## WORK INSTRUCTION
An exact reproduction of the data below is expected, free of images.
+ + + +
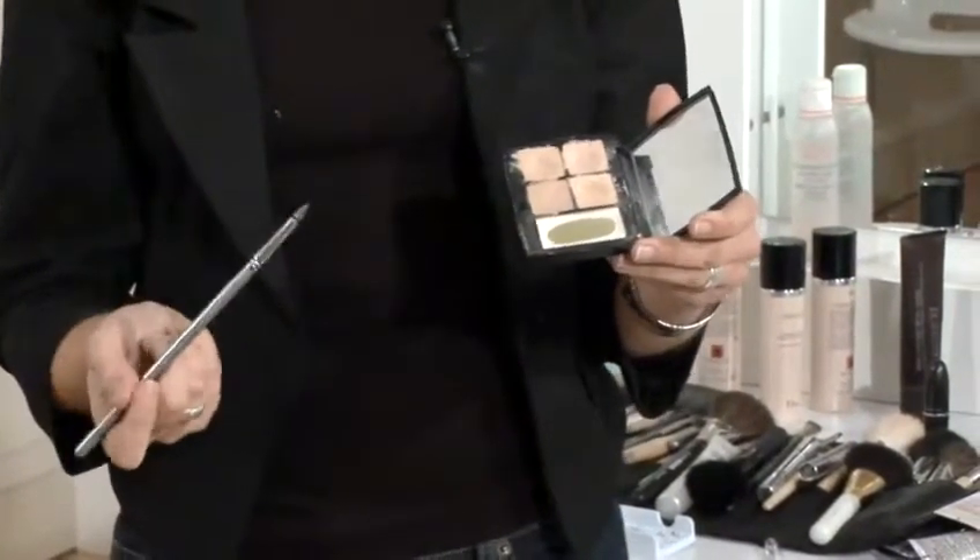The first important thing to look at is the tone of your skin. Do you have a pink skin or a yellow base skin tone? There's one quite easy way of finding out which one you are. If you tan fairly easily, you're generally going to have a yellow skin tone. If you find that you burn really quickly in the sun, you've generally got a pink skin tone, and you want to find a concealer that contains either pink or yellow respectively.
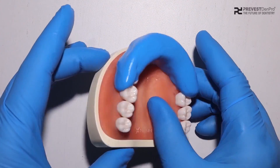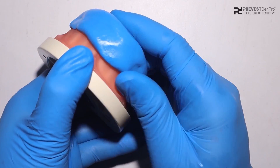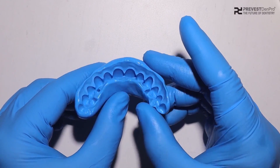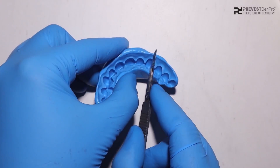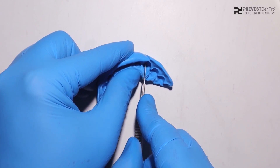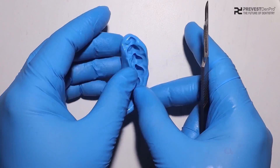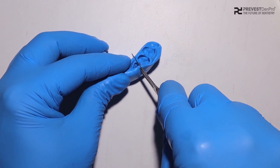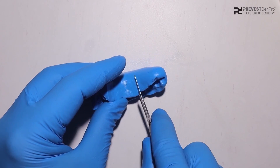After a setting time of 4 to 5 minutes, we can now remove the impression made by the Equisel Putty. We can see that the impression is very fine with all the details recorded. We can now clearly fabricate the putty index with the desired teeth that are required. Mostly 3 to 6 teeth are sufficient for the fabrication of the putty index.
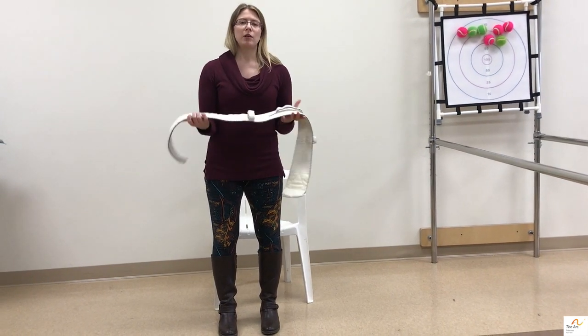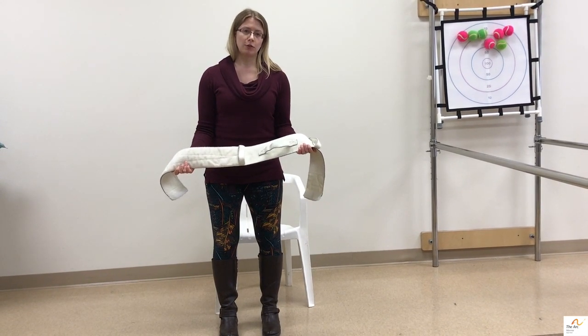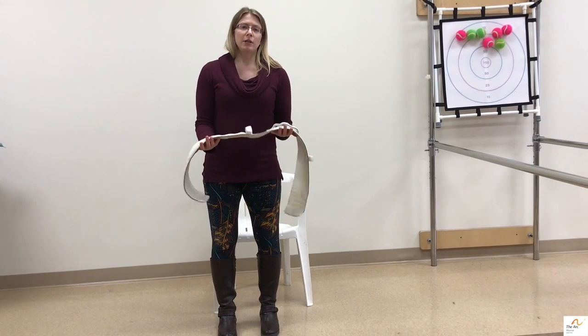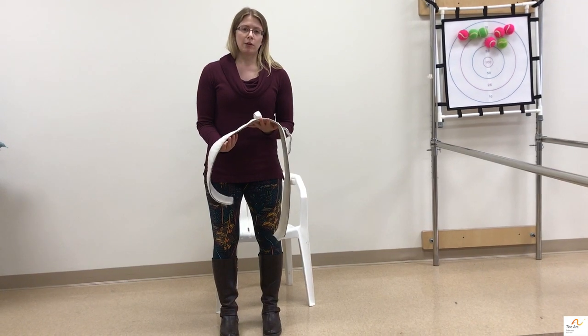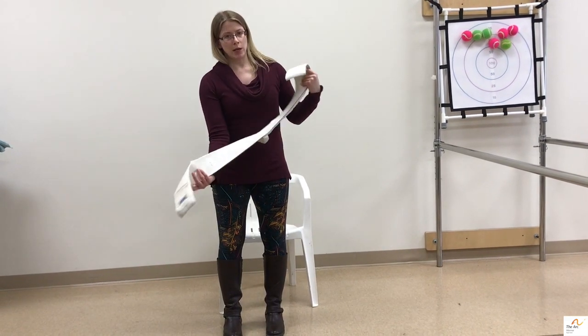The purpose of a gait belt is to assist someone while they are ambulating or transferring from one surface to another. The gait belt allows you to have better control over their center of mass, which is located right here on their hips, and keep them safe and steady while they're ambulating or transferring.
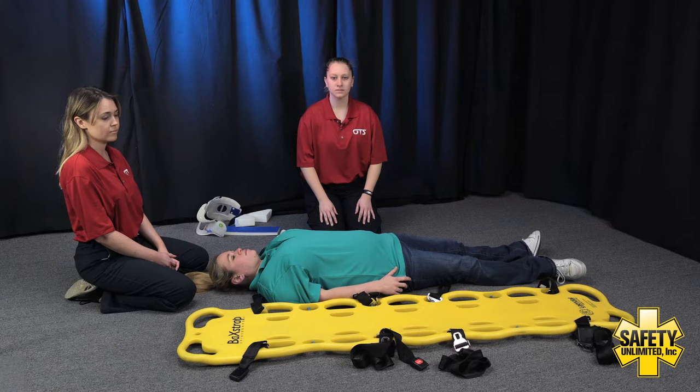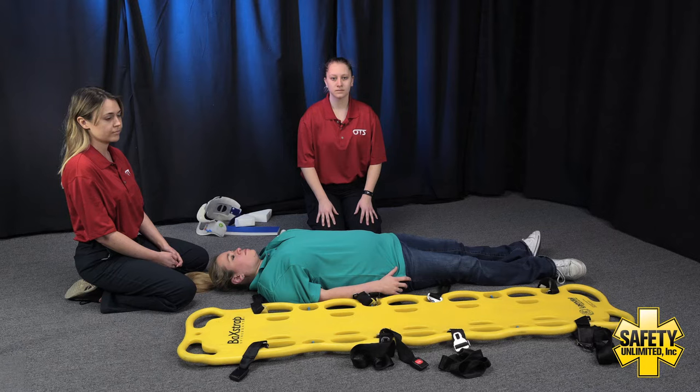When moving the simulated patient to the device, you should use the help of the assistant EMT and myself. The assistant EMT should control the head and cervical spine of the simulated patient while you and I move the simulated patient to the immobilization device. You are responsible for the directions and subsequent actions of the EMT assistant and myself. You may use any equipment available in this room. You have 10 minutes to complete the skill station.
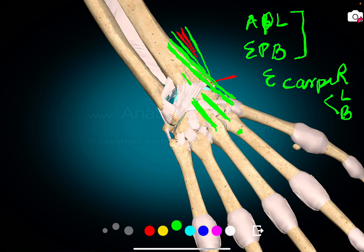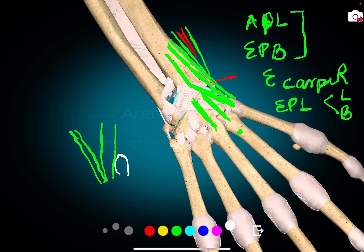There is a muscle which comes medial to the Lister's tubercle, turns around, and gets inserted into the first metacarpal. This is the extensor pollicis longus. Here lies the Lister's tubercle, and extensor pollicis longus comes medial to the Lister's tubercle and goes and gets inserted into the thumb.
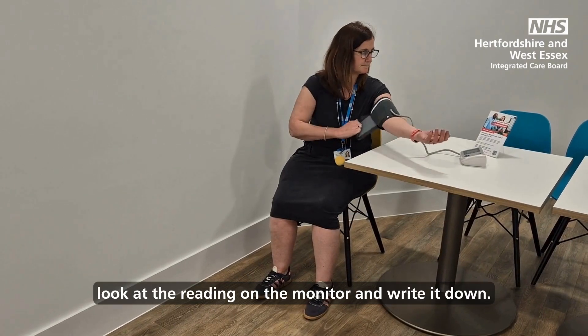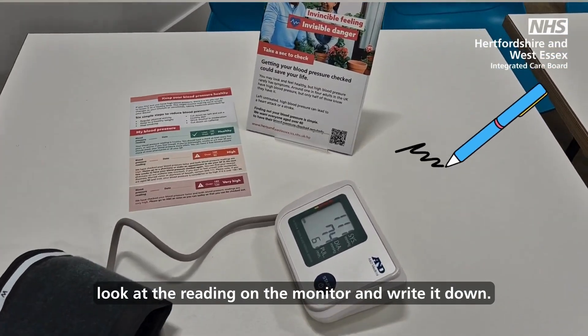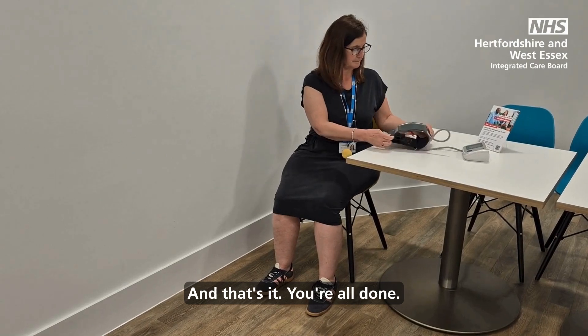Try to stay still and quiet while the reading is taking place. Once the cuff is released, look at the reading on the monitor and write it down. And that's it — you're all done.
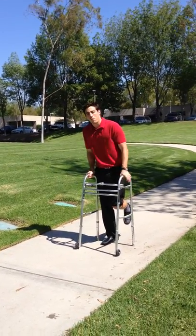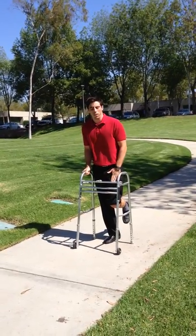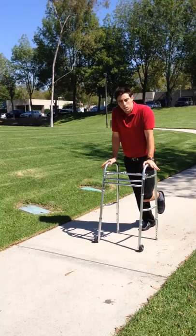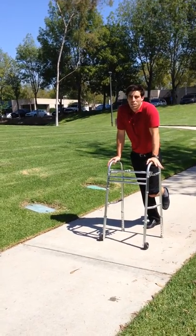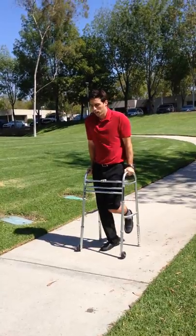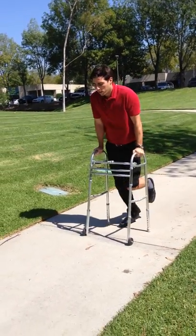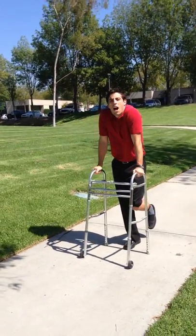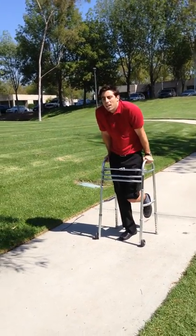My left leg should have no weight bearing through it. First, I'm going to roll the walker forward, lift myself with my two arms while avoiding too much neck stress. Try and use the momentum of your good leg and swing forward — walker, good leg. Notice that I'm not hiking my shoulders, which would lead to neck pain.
+ + + +
## REPLY TO THE TASK
The first important thing to look at is the tone of your skin. Do you have a pink skin or a yellow base skin tone? There's one quite easy way of finding out which one you are. If you tan fairly easily, you're generally going to have a yellow skin tone. If you find that you burn really quickly in the sun, you've generally got a pink skin tone, and you want to find a concealer that contains either pink or yellow respectively.
After a setting time of 4 to 5 minutes, we can now remove the impression made by the Equisel Putty. We can see that the impression is very fine with all the details recorded. We can now clearly fabricate the putty index with the desired teeth that are required. Mostly 3 to 6 teeth are sufficient for the fabrication of the putty index.
The purpose of a gait belt is to assist someone while they are ambulating or transferring from one surface to another. The gait belt allows you to have better control over their center of mass, which is located right here on their hips, and keep them safe and steady while they're ambulating or transferring.
When moving the simulated patient to the device, you should use the help of the assistant EMT and myself. The assistant EMT should control the head and cervical spine of the simulated patient while you and I move the simulated patient to the immobilization device. You are responsible for the directions and subsequent actions of the EMT assistant and myself. You may use any equipment available in this room. You have 10 minutes to complete the skill station.
There is a muscle which comes medial to the Lister's tubercle, turns around, and gets inserted into the first metacarpal. This is the extensor pollicis longus. Here lies the Lister's tubercle, and extensor pollicis longus comes medial to the Lister's tubercle and goes and gets inserted into the thumb.
Try to stay still and quiet while the reading is taking place. Once the cuff is released, look at the reading on the monitor and write it down. And that's it — you're all done.
My left leg should have no weight bearing through it. First, I'm going to roll the walker forward, lift myself with my two arms while avoiding too much neck stress. Try and use the momentum of your good leg and swing forward — walker, good leg. Notice that I'm not hiking my shoulders, which would lead to neck pain.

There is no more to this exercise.